I wondered whether the science of “Solaristics” was a stand-in for Communism itself–a discipline which once showed tremendous promise, but which nobody really believes in any more.
The first part of the movie takes place at Kelvin’s parents’ house as he prepares to leave. This may actually be the most evocative; before we encounter the sentient ocean of Solaris, the very first images we see are closeups of the lake by the house. The fact that the house stands alone, surrounded by water, already prefigures the film’s ending.
When Kelvin gets to the station, he finds a beautiful wreck, like a motorcycle gang trashed the Discovery One from 2001–A Space Odyssey. The other scientists, Dr. Snaut (Jüri Järvet) and Dr. Sartorius (Anatoly Solonitsyn) are behaving rather oddly.
Solyaris may have its dull moments, but you can’t really accuse it of being obfuscatory or “experimental.” The fundamental problem is very clearly explained: the ocean is bringing the dreams of the station's inhabitants to life, and not in a nice, friendly way.
In Kelvin’s case, the ocean brings back his dead wife, Hari (Natalya Bondarchuk), who killed herself ten years before, when Kelvin left her. The reincarnated Hari is not a hallucination (the other scientists can see her), but she isn’t quite real, either. The immortal "guests" torture their hosts by their very existence, and then, as Hari starts to realize what she is, she begins to torture herself. This is really the point when the film starts to catch fire, and Bondarchuk's performance is very impressive. Although not a computer, she is also a sort of HAL 9000, an artificial creation that believes itself to be more than that. Unlike HAL, though, Hari may turn out to be the most human being on the station.
What's Solyaris really about? Well, there’s certainly a lot of philosophical chatter among the scientists–the discussion scene in the library made me think of Woody Allen’s Russian film parody Love and Death–but the exact meaning leaves just enough of an opening for the viewer to insert him- or herself into the debate. The original book by Stanislaw Lem is about the inevitable failure of communication with other life forms, but although the movie does do some lip service to this (Dr. Snaut: “We don’t want other worlds; we want a mirror”) it feels like it doesn’t really believe it.
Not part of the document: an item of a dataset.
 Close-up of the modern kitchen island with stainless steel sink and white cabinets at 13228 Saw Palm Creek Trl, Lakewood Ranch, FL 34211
The fact that Kelvin gradually comes to embrace a second chance at his relationship with Hari, and the fact that guest/ghost Hari gradually comes to feel her humanity, point more in the opposite direction. Since Hari is a creation of the ocean, the fact that she and Kelvin become close despite the obstacles between them points vaguely in the direction of the possibility of interspecies communication.
My interpretation of a movie like this, of course, doesn’t really matter. What does matter is that I finished it with a desire to go out for coffee and discuss it with somebody else.
There is plenty to criticize, if you want to. Viewers from the future of 2015 may snicker at the dwarf that toddles out from Sartorius's lab, or Dr. Kelvin’s ohhhhhh myyyyyy-inducing mesh shirt, but for a movie from 1972, it’s surprisingly rewarding for a modern viewer with a lot of patience. But know your own limits. If a three-hour movie with long takes and a lot of intellectual discussion doesn’t sound like your cup of chai, then this probably won’t be the one that changes your mind.